Material provided Start Marker

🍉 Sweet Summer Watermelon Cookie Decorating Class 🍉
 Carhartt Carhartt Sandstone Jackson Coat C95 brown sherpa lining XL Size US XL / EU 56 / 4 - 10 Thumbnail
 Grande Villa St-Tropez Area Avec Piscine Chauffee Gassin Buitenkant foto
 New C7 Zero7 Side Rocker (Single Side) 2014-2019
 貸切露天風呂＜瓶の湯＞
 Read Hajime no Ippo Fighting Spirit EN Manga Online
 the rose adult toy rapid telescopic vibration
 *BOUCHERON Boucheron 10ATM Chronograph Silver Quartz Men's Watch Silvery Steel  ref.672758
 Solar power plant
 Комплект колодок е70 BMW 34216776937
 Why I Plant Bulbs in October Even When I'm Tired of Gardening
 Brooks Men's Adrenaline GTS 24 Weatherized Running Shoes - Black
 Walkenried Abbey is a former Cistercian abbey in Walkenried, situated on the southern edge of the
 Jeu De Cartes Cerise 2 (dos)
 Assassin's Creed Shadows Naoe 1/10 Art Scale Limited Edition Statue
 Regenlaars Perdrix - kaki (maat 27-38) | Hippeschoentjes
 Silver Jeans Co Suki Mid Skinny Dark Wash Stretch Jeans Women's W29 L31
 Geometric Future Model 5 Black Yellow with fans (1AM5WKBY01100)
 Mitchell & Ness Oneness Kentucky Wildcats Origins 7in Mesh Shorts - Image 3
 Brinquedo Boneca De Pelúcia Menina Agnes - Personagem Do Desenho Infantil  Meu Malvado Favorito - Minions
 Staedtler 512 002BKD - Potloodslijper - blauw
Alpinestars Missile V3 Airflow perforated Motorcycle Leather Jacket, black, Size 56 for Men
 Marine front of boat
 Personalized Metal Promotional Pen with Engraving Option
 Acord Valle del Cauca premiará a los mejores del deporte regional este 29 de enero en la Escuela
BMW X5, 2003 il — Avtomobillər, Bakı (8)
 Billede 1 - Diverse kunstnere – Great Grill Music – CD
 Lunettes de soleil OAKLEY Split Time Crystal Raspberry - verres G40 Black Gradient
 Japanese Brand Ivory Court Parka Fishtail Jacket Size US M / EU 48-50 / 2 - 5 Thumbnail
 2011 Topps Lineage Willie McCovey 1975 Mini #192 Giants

Material provided End Marker

Task description: Go through the material above and count the lines that include "Size". Give the number alone.

Task answer: 3